RAW DATA Start Marker

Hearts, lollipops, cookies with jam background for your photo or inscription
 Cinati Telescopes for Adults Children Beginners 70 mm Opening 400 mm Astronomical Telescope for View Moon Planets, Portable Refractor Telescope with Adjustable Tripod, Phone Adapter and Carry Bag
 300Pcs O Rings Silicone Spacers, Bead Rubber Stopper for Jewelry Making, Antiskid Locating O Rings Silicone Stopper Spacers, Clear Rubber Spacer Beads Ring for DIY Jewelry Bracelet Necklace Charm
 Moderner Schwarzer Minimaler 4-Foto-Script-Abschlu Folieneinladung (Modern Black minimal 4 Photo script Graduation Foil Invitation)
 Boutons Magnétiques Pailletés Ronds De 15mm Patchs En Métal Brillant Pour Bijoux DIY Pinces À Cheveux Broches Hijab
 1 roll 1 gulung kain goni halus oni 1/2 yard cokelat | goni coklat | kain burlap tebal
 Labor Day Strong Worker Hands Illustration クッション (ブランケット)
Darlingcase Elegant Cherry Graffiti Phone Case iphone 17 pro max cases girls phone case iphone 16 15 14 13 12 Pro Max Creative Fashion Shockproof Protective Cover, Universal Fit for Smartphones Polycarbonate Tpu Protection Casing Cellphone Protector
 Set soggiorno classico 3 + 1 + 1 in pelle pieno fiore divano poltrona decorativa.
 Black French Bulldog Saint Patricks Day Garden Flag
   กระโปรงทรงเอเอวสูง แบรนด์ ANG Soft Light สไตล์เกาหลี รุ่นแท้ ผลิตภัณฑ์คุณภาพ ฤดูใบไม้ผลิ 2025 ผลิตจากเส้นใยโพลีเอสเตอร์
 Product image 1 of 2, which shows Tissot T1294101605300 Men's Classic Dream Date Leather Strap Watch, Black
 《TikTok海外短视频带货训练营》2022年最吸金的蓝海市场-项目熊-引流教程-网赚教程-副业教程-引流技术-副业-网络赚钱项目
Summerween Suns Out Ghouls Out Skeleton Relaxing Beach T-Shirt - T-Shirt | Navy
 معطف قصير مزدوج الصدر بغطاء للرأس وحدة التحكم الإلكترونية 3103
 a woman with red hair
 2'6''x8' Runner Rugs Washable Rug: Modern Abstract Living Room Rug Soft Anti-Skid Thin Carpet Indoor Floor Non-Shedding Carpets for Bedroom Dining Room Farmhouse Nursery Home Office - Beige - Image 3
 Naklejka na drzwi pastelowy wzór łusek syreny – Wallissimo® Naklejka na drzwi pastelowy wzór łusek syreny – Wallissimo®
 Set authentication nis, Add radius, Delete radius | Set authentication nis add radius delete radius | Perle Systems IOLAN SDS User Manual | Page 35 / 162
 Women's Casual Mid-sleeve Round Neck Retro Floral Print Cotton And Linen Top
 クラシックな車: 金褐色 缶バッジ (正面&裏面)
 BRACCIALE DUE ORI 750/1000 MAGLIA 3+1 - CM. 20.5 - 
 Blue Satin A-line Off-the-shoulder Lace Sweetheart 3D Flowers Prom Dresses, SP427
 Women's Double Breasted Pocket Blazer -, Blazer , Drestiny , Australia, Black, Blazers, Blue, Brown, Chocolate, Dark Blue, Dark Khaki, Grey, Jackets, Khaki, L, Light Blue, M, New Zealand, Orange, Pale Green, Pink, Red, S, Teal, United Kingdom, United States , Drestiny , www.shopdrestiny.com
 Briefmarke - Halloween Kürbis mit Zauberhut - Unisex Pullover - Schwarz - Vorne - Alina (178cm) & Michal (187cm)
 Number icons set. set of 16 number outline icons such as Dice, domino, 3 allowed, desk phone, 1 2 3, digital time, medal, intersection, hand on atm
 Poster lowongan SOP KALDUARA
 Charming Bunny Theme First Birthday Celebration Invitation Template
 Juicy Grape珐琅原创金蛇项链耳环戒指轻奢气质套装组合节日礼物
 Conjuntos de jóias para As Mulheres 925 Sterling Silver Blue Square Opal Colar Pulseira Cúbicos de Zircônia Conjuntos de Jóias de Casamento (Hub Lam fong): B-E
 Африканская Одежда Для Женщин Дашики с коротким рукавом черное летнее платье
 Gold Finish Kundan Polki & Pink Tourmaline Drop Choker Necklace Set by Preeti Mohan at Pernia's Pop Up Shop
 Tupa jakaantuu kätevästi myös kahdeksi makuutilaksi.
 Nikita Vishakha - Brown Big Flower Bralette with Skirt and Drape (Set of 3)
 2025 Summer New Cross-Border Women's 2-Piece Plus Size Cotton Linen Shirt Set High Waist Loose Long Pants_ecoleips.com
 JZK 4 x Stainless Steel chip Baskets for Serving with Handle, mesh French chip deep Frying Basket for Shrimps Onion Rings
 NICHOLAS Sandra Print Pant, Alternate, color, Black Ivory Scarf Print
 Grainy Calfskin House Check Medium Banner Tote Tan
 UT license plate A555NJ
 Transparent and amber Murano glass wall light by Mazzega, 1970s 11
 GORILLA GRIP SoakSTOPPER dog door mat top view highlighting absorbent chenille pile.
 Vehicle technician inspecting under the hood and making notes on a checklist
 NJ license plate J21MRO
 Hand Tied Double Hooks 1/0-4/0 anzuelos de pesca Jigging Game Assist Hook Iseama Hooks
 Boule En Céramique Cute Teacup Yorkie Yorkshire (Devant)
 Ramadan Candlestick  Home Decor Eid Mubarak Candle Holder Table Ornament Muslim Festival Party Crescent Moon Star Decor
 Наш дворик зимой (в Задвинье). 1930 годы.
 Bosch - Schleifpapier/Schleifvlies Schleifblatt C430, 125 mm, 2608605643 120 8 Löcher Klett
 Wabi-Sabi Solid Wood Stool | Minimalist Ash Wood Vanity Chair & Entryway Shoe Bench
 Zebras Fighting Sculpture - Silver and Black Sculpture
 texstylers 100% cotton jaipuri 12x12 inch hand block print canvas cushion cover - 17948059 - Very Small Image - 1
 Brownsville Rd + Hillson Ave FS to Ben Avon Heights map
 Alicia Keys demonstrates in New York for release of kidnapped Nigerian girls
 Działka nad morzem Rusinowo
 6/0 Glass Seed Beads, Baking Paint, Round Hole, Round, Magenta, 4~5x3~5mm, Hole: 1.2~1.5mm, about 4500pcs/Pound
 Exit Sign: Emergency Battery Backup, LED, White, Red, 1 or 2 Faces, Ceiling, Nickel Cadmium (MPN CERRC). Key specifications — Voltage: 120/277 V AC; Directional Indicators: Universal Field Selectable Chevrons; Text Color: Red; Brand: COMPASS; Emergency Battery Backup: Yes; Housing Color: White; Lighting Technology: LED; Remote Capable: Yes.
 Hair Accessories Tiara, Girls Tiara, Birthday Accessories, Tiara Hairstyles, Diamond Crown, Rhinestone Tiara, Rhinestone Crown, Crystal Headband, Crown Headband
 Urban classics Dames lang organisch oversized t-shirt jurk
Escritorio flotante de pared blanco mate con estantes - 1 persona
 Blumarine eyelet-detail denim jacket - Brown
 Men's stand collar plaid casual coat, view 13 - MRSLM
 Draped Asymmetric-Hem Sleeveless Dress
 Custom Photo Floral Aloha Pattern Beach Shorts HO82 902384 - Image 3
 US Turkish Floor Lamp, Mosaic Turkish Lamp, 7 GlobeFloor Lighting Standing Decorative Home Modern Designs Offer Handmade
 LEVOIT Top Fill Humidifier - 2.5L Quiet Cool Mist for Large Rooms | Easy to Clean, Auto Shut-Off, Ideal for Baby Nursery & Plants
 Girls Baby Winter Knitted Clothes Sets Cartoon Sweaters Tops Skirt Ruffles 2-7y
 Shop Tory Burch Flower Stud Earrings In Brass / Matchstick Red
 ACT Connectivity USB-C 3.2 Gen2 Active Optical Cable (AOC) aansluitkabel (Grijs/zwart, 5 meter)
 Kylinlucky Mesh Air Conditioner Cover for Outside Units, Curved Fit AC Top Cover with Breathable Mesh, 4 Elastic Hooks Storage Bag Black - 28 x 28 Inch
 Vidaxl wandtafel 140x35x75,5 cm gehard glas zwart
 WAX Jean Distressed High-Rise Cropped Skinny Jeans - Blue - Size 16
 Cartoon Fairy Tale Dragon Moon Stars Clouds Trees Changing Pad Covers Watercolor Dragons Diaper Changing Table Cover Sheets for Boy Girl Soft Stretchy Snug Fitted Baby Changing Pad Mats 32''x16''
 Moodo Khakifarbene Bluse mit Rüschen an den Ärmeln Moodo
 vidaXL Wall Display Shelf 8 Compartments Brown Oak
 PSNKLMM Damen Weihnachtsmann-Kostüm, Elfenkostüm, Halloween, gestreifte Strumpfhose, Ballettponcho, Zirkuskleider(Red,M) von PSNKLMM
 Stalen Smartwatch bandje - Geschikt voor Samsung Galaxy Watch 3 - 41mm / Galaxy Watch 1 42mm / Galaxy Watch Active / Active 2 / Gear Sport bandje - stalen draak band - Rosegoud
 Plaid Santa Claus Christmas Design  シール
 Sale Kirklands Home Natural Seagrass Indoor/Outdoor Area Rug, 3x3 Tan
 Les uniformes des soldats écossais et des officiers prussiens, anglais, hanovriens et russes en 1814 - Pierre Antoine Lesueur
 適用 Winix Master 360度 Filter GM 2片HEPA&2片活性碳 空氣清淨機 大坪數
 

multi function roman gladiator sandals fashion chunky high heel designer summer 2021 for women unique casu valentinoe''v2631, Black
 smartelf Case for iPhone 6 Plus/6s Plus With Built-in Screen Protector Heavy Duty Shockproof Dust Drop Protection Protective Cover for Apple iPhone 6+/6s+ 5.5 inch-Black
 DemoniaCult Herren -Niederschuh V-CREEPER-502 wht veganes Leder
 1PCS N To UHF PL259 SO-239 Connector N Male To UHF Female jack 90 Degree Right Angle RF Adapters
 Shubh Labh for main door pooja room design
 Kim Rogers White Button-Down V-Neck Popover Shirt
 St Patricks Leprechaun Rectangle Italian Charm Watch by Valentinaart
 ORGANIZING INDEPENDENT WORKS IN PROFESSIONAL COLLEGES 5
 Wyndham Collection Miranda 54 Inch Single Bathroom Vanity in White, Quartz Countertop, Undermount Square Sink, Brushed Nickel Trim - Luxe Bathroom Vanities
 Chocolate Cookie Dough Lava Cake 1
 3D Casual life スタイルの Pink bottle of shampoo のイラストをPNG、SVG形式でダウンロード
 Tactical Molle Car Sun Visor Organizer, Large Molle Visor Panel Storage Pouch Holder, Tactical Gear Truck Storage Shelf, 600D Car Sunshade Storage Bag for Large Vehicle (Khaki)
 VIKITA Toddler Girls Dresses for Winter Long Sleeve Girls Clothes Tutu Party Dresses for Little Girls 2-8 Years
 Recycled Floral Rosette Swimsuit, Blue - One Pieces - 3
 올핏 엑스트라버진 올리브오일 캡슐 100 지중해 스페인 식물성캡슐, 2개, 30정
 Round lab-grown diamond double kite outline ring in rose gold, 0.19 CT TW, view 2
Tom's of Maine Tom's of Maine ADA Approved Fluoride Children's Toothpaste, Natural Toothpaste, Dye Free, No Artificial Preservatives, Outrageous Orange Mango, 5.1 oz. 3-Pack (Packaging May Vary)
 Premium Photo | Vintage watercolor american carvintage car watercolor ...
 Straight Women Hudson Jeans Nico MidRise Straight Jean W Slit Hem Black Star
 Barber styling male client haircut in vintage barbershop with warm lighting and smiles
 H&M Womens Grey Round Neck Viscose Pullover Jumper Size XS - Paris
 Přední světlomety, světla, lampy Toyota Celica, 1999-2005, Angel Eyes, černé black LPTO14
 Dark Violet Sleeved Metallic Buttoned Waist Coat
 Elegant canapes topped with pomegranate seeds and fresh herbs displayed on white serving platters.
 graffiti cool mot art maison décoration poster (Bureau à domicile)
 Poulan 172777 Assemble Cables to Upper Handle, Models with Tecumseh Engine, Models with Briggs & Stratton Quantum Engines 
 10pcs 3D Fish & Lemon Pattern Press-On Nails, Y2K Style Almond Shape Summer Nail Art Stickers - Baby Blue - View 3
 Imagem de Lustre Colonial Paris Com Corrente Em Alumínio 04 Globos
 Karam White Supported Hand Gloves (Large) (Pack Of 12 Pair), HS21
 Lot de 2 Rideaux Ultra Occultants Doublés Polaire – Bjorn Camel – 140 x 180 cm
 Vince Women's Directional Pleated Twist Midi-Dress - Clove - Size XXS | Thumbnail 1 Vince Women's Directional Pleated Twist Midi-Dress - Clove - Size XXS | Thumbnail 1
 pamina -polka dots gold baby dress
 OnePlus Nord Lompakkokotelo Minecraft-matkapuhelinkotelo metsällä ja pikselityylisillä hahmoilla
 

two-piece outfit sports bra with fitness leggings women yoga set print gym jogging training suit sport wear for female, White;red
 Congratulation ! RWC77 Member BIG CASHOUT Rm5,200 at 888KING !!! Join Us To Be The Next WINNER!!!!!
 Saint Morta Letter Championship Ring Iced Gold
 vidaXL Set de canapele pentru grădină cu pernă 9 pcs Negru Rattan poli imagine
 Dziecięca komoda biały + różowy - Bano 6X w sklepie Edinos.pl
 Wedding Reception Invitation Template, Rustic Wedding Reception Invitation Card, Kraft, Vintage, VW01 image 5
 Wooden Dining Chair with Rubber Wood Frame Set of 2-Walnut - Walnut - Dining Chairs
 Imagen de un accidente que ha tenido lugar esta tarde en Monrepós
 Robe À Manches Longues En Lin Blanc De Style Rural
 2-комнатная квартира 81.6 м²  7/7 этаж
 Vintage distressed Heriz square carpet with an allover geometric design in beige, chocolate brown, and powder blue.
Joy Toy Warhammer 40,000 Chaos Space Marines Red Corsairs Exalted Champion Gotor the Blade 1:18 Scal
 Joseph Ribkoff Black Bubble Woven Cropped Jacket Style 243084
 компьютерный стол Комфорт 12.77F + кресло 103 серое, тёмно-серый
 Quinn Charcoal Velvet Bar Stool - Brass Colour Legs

RAW DATA End Marker

Exactly as written, reproduce the lines of the data above from the first line through the line where "Summerween Suns Out" appears.

Hearts, lollipops, cookies with jam background for your photo or inscription
 Cinati Telescopes for Adults Children Beginners 70 mm Opening 400 mm Astronomical Telescope for View Moon Planets, Portable Refractor Telescope with Adjustable Tripod, Phone Adapter and Carry Bag
 300Pcs O Rings Silicone Spacers, Bead Rubber Stopper for Jewelry Making, Antiskid Locating O Rings Silicone Stopper Spacers, Clear Rubber Spacer Beads Ring for DIY Jewelry Bracelet Necklace Charm
 Moderner Schwarzer Minimaler 4-Foto-Script-Abschlu Folieneinladung (Modern Black minimal 4 Photo script Graduation Foil Invitation)
 Boutons Magnétiques Pailletés Ronds De 15mm Patchs En Métal Brillant Pour Bijoux DIY Pinces À Cheveux Broches Hijab
 1 roll 1 gulung kain goni halus oni 1/2 yard cokelat | goni coklat | kain burlap tebal
 Labor Day Strong Worker Hands Illustration クッション (ブランケット)
Darlingcase Elegant Cherry Graffiti Phone Case iphone 17 pro max cases girls phone case iphone 16 15 14 13 12 Pro Max Creative Fashion Shockproof Protective Cover, Universal Fit for Smartphones Polycarbonate Tpu Protection Casing Cellphone Protector
 Set soggiorno classico 3 + 1 + 1 in pelle pieno fiore divano poltrona decorativa.
 Black French Bulldog Saint Patricks Day Garden Flag
   กระโปรงทรงเอเอวสูง แบรนด์ ANG Soft Light สไตล์เกาหลี รุ่นแท้ ผลิตภัณฑ์คุณภาพ ฤดูใบไม้ผลิ 2025 ผลิตจากเส้นใยโพลีเอสเตอร์
 Product image 1 of 2, which shows Tissot T1294101605300 Men's Classic Dream Date Leather Strap Watch, Black
 《TikTok海外短视频带货训练营》2022年最吸金的蓝海市场-项目熊-引流教程-网赚教程-副业教程-引流技术-副业-网络赚钱项目
Summerween Suns Out Ghouls Out Skeleton Relaxing Beach T-Shirt - T-Shirt | Navy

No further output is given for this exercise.